Records supplied:
◇ ◇ ◇ ◇

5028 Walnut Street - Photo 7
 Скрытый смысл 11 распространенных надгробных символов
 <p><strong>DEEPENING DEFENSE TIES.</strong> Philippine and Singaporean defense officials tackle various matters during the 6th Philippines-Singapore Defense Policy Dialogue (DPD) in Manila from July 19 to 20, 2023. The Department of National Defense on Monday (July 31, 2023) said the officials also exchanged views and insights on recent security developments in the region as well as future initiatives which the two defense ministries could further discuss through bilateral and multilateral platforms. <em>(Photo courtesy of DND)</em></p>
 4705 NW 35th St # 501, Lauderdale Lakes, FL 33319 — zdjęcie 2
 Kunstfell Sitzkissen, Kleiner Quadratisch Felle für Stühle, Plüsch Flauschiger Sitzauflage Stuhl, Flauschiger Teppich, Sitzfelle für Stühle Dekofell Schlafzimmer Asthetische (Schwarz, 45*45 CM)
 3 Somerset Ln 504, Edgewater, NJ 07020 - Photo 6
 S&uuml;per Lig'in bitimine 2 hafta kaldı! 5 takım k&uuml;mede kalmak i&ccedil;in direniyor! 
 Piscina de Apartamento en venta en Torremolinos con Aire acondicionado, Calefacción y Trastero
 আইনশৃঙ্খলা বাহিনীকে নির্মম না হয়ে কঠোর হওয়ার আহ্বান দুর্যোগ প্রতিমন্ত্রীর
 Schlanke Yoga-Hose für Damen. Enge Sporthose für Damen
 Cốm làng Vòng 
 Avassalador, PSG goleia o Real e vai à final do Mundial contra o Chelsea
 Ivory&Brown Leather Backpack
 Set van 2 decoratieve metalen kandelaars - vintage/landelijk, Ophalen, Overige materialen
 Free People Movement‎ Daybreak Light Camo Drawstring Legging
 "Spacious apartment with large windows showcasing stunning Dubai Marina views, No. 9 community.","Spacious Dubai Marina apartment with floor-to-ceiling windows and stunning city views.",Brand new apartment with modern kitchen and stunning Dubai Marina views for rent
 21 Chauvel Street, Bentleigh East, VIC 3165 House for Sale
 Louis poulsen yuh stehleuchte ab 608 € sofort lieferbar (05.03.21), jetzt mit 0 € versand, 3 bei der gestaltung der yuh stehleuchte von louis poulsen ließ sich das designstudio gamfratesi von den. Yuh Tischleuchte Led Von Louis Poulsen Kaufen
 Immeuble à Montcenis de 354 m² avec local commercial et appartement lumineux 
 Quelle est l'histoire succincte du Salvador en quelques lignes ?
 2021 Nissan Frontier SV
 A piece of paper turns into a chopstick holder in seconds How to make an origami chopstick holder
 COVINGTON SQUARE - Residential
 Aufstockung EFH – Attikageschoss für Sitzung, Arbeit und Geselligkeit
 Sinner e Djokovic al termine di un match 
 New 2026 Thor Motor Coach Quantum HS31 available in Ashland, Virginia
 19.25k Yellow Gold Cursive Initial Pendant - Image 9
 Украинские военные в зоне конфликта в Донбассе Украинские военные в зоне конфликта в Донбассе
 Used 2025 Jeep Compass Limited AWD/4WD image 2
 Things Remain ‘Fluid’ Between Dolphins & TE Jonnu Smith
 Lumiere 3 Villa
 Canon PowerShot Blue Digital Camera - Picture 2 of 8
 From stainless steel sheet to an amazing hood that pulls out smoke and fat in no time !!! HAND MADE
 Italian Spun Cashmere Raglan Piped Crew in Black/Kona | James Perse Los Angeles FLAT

◇ ◇ ◇ ◇

What to produce:
Up to and including the line with "Скрытый смысл 11", print every line of the records from the start.

Problem solution:
5028 Walnut Street - Photo 7
 Скрытый смысл 11 распространенных надгробных символов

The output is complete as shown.